It was bluebird when we were there, and I think the run was Zachary, basically all ice at the top but it was still fun and you could haul ass pretty easy.


----------



## binarypie (Nov 29, 2009)

Stayed up through Monday and I've had a great time. I hiked all the way up to to the top of the cornice. The cement is a lot of work to ride if you don't keep your speed up. 

Good to finally hit 10 days on snow in this craptastic season. 

Lets hope it gets cold soon so we can get some real snow.


----------



## jdang307 (Feb 6, 2011)

Nice base building it seems. Which is great. Have trip to Mammoth in a month, and need to plan a trip to Tahoe before the end of the season.


----------



## KIRKRIDER (Mar 18, 2008)

binarypie said:


> Stayed up through Monday and I've had a great time. I hiked all the way up to to the top of the cornice. The cement is a lot of work to ride if you don't keep your speed up.
> 
> Good to finally hit 10 days on snow in this craptastic season.
> 
> Lets hope it gets cold soon so we can get some real snow.



Good call. Looks good today, albeit still warm(ish) 31...
I got on 5 yesterday and went right, it was all untraced. after a few seconds I realized how really sluggish and deep it was. You don't want to fall in that. Next storm with colder air should be "it".


----------



## scotty100 (Apr 3, 2012)

Some new reports:

http://blog.sfgate.com/ski/2014/02/10/3237/

I can't get back up for another 2 weeks...damn...just the most frustrating season ever.


----------



## KIRKRIDER (Mar 18, 2008)

scotty100 said:


> Some new reports:
> 
> http://blog.sfgate.com/ski/2014/02/10/3237/
> 
> I can't get back up for another 2 weeks...damn...just the most frustrating season ever.
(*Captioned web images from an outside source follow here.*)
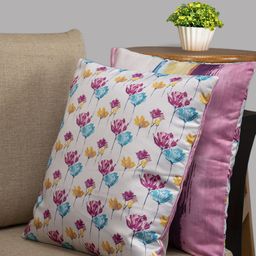 HOUZZCODE Off-White & Purple Set of 2 Floral Square Cushion Covers-33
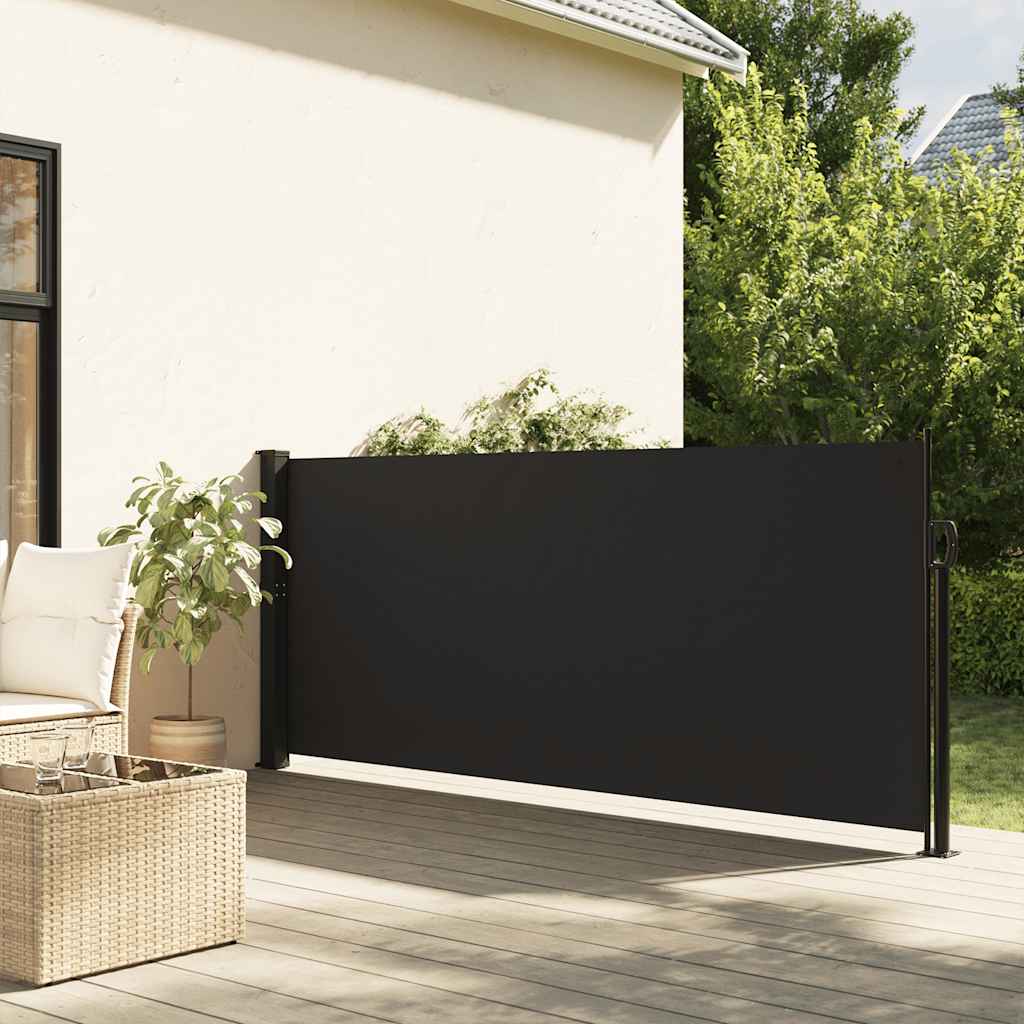 Pantalla de jardín, toldo lateral retráctil negro 140x600 cm ety5869474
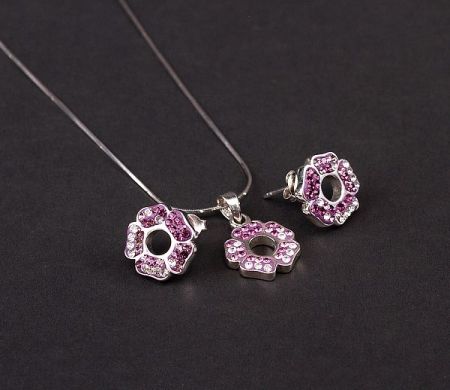 Special sales - Set argint 925 rodiat, cu elemente swarovski, design italian: lant, pandant, cercei - 5169O5130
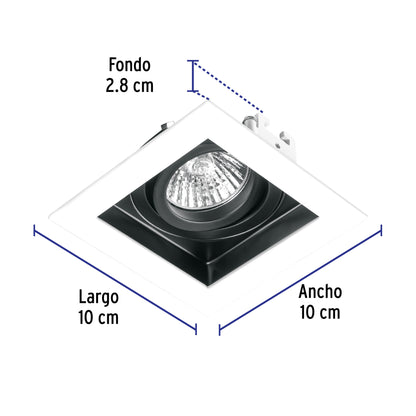 Luminario empotrable con 1 spot dirigible, blanco, VOLTECK | EMP-710S | 49544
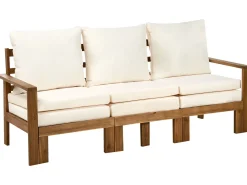 Panca da giardino con cuscino ISOLELLO 190 cm Regolabile Legno d'acacia Marrone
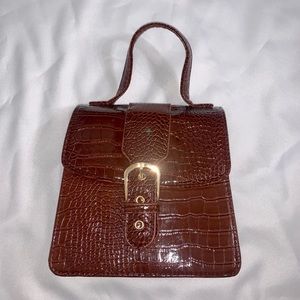 croc top handle bag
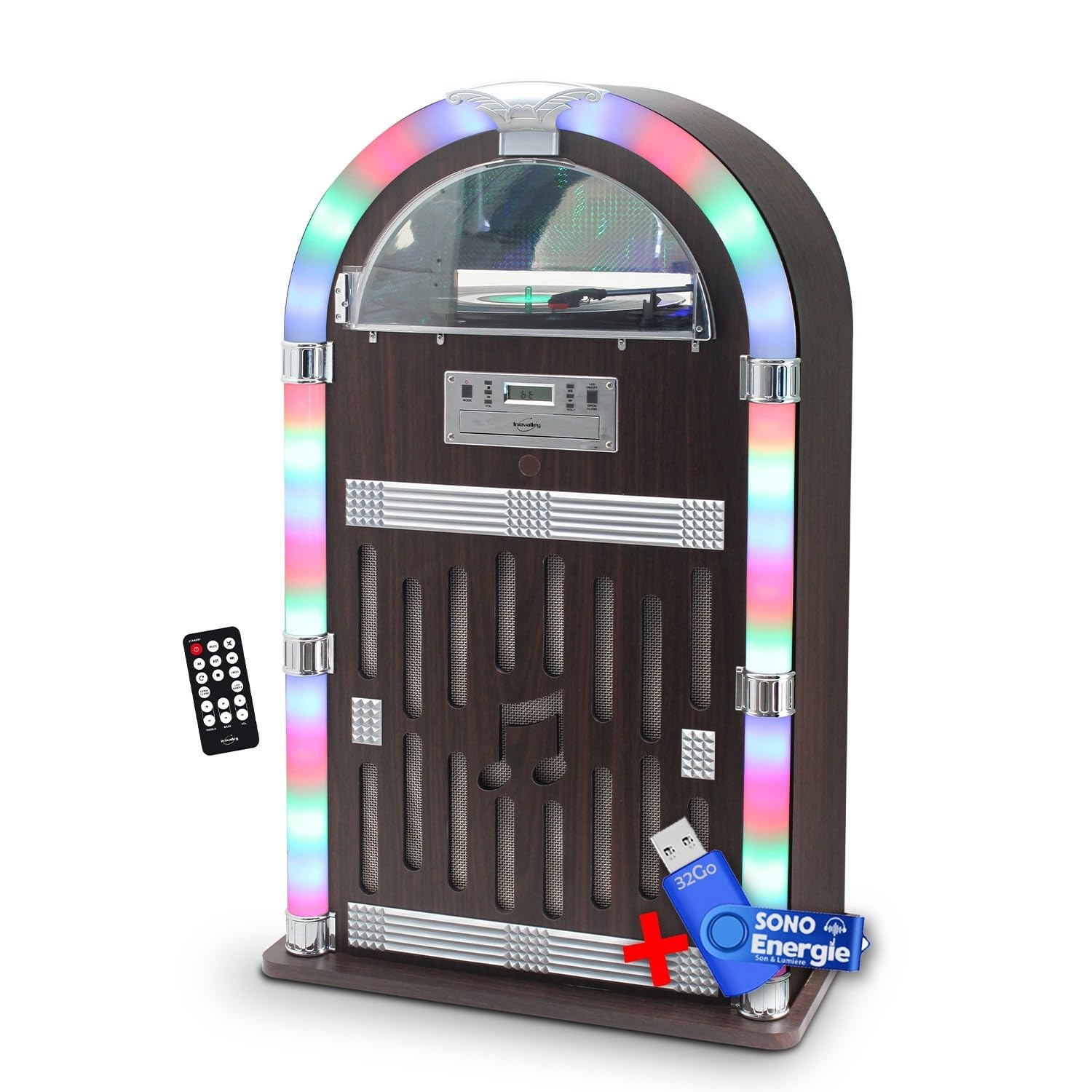 Chaîne HiFi Jubebox Retro 60W avec Tourne Disque Vinyle Bluetooth, CD, FM + télécommande+clé USB 32Go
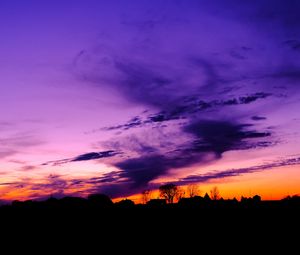 Preview wallpaper sky, clouds, horizon, houses, blue, pink, orange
You can relax... with daytime temps at 46 to 50 and low 30s at night you're just missing some slush :-( I had 4 days so far ranging from waste of time to pathetic waste of time.


----------



## binarypie (Nov 29, 2009)

KIRKRIDER said:


> You can relax... with daytime temps at 46 to 50 and low 30s at night you're just missing some slush :-( I had 4 days so far ranging from waste of time to pathetic waste of time.


We are going up this weekend but we aren't expecting much.


----------



## KIRKRIDER (Mar 18, 2008)

binarypie said:


> We are going up this weekend but we aren't expecting much.
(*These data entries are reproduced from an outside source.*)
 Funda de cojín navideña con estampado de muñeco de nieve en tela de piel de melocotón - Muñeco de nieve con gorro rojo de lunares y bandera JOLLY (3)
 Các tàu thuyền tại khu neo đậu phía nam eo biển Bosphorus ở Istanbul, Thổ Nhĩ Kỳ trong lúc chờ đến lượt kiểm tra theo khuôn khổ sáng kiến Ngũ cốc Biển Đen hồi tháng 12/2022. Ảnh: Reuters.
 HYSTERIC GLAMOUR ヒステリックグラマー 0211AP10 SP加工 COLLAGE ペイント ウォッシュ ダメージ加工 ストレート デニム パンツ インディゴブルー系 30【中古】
I'm very undecided. I like the cover we have now but not the temps.

Looks like next week the cards are turning....
"This system certainly has the potential to be a healthy snow producer for the Sierra with plenty of cold air and maybe a good deal of moisture too, but there is some uncertainty in that regard depending on how it tracks. Would bet on at least 1-2ft of snow above 7000ft and 6-12" around the lake next week, but it could go as high *as 3-5ft *for the upper elevations and 1-2ft around the lake if the most ideal of the model solutions put out so far verifies. We're talking more powdery snow for this storm as well, with snow to liquid ratios in the 13-16:1 range as opposed to the 6-8:1 ratios we saw last weekend. A cold and semi-moist NW'erly flow developing in the wake of this system may support a couple of secondary disturbances Wed/Thu piling up the powder on the local slopes before we dry out warm up heading into the weekend of the 22nd & 23rd."


----------



## KIRKRIDER (Mar 18, 2008)

And we're back. Tomorrow looks epic.


----------



## KIRKRIDER (Mar 18, 2008)

Urgent - winter weather message
national weather service reno nv
222 am pdt fri mar 28 2014

caz072-nvz002-290000-
/o.con.krev.ws.a.0003.140329t1200z-140330t1200z/
greater lake tahoe area-
including the cities of...south lake tahoe...truckee...
Incline village
222 am pdt fri mar 28 2014

...winter storm watch remains in effect from late tonight through
late saturday night...

A winter storm watch remains in effect from late tonight through
late saturday night.

* timing: Light snow friday night will intensify by early saturday
morning and continue into saturday night.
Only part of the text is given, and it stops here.